> GIVEN INFORMATION:
━━━━

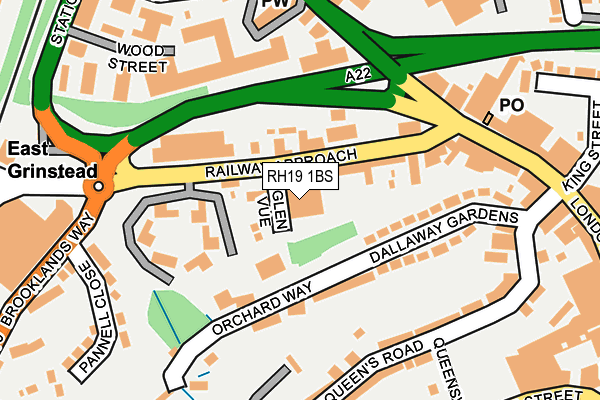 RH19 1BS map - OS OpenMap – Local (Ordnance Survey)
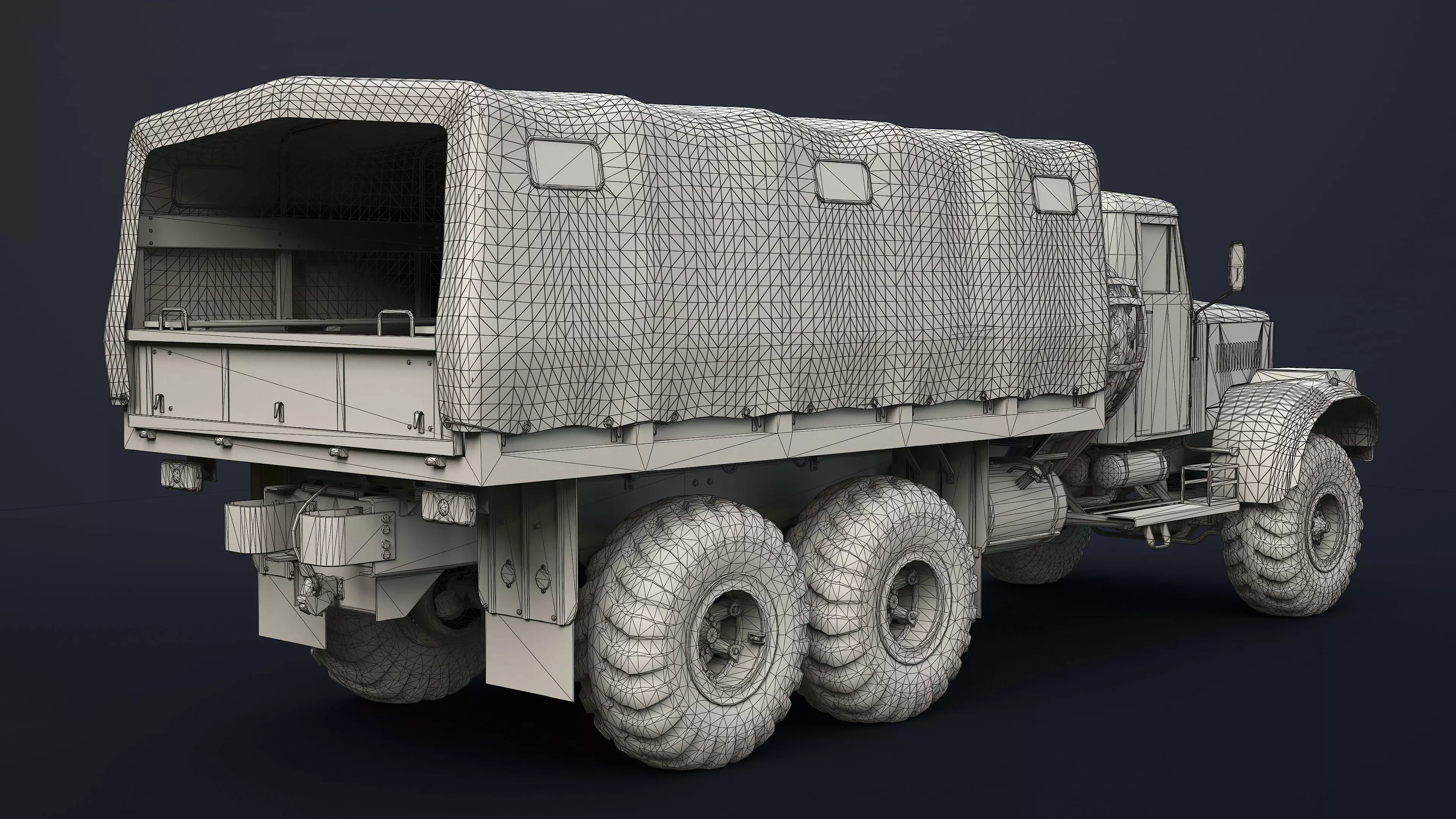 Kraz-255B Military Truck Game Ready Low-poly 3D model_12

━━━━

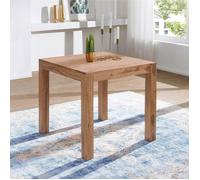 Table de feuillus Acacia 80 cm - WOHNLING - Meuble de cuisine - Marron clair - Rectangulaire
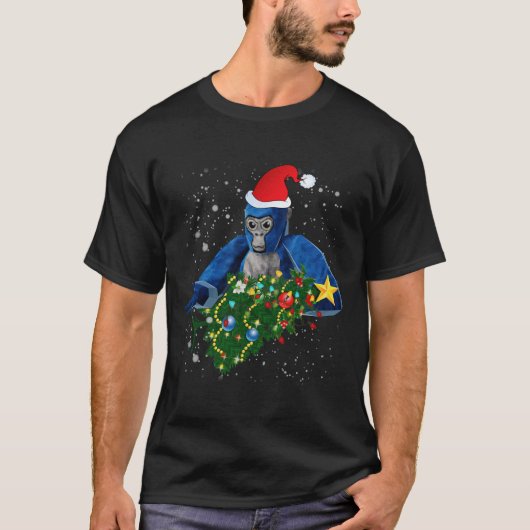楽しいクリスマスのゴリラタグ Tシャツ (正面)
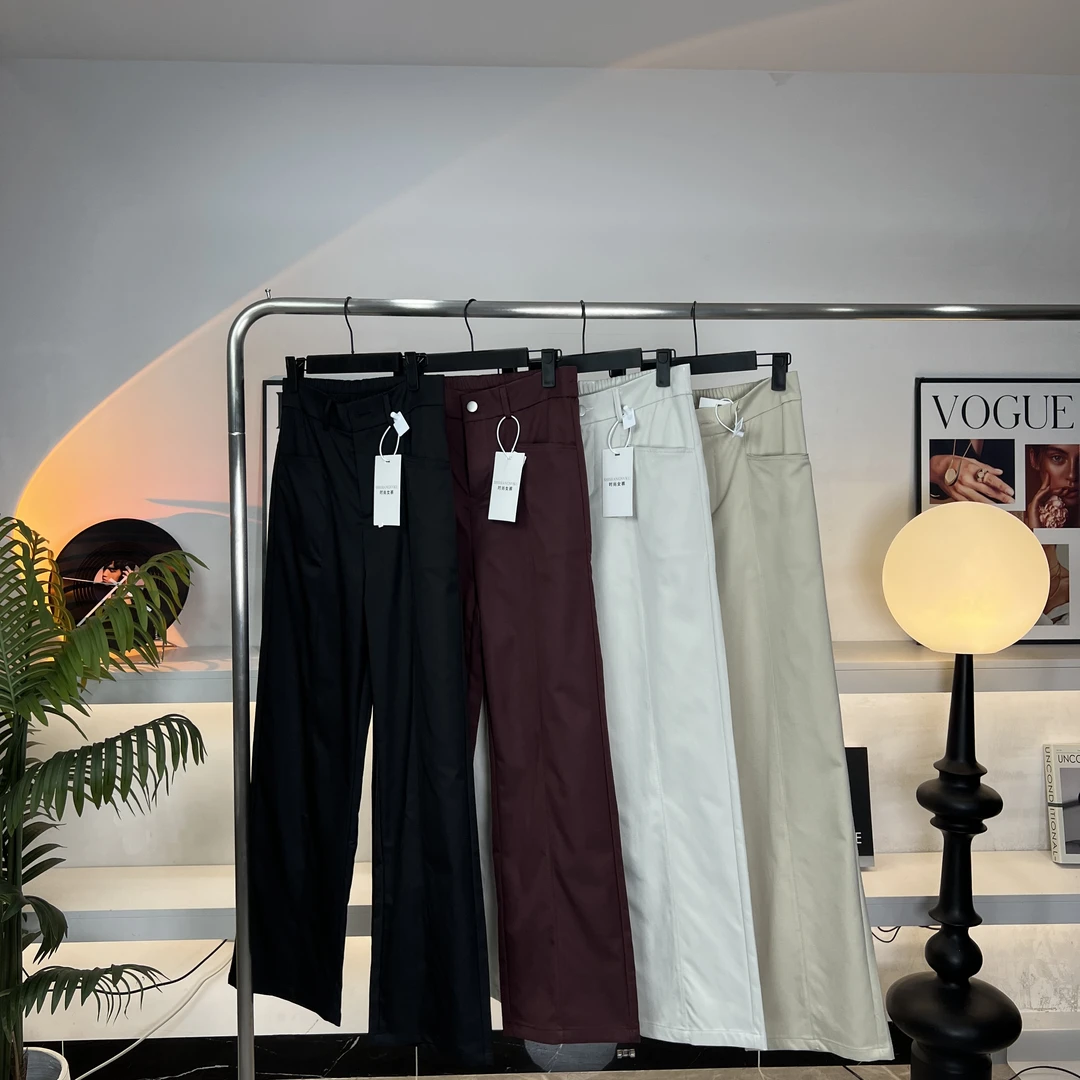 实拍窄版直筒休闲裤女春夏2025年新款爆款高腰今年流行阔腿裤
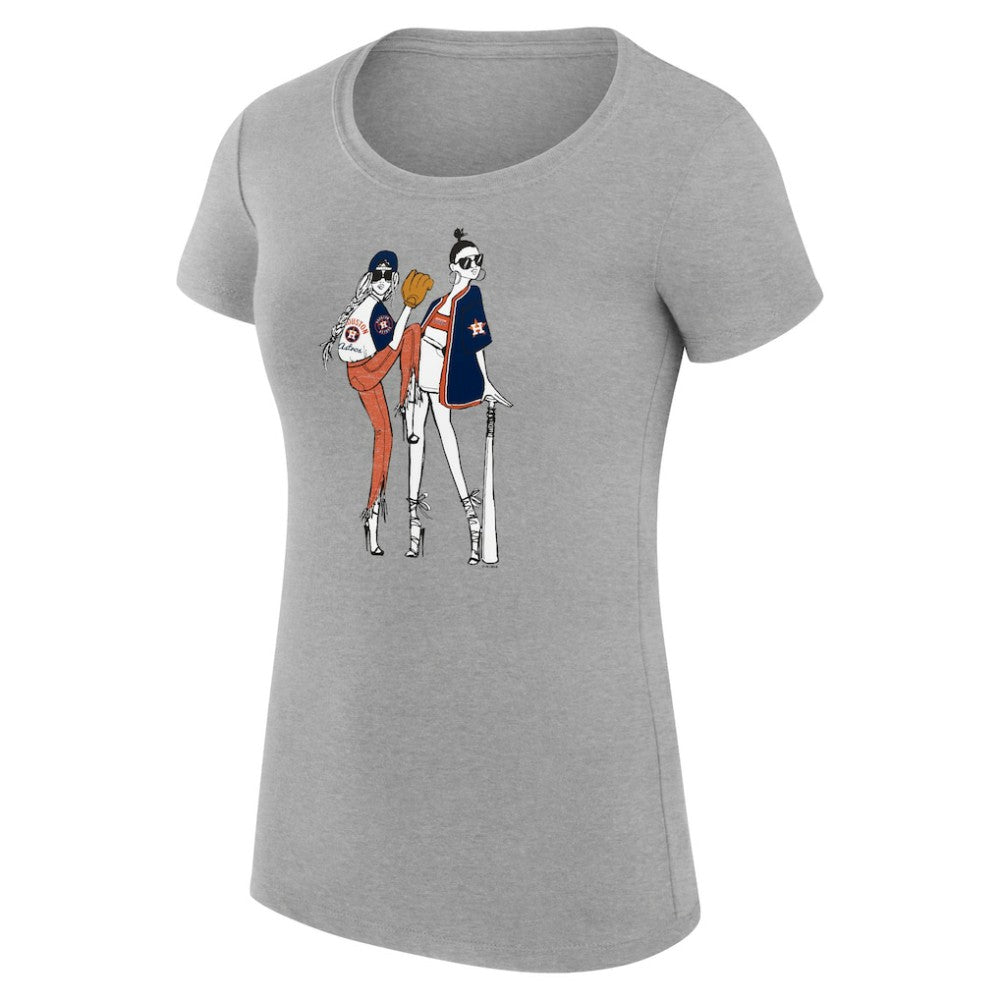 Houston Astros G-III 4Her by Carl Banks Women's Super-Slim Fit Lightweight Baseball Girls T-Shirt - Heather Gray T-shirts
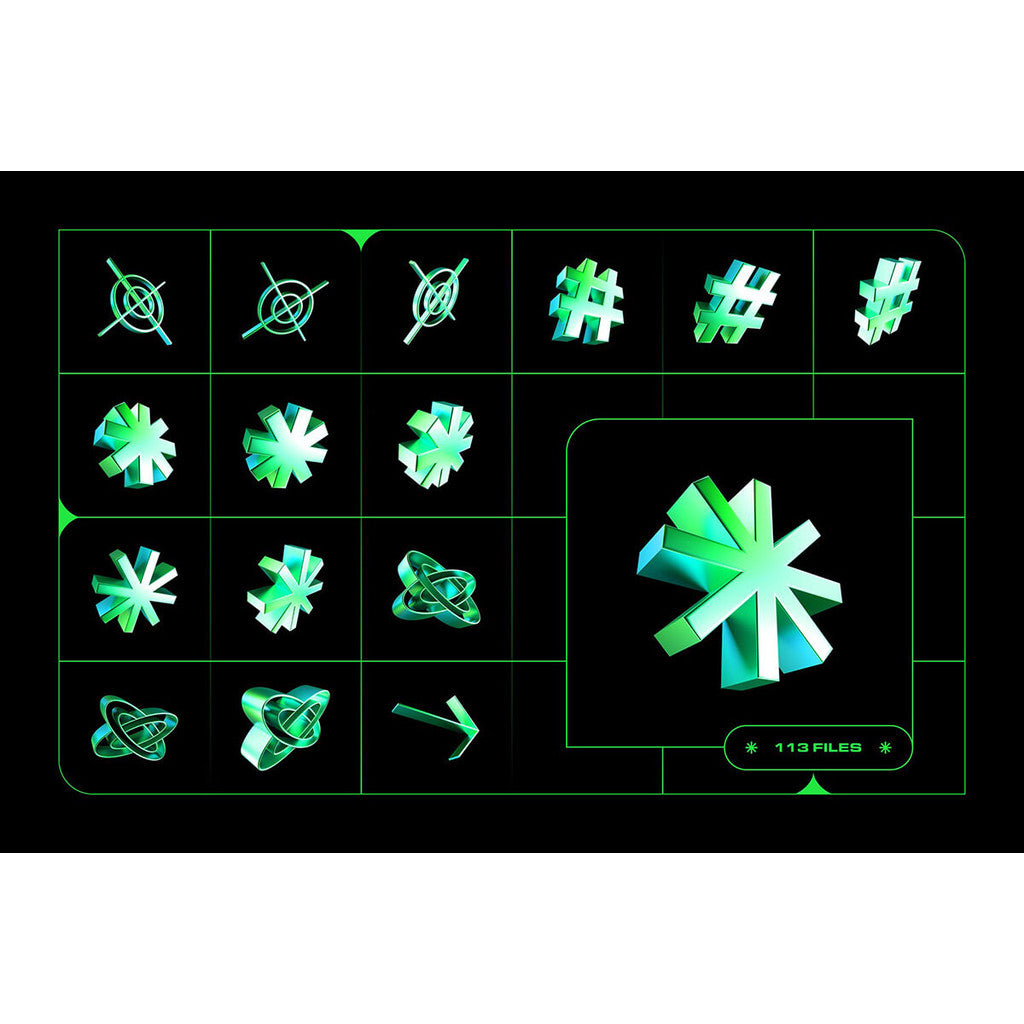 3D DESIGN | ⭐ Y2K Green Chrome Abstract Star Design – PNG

━━━━

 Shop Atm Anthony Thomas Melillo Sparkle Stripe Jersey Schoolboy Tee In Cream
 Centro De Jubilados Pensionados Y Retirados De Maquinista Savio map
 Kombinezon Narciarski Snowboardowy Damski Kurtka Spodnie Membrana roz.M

━━━━

> WORK ITEM:
Write out again exactly the lines above from the one with "实拍窄版直筒休闲裤女春夏2025年新款爆款高腰今年流行阔腿裤" through the one with "3D DESIGN |", adding no other lines and no pictures.

> TASK RESULT:
 实拍窄版直筒休闲裤女春夏2025年新款爆款高腰今年流行阔腿裤
 Houston Astros G-III 4Her by Carl Banks Women's Super-Slim Fit Lightweight Baseball Girls T-Shirt - Heather Gray T-shirts
 3D DESIGN | ⭐ Y2K Green Chrome Abstract Star Design – PNG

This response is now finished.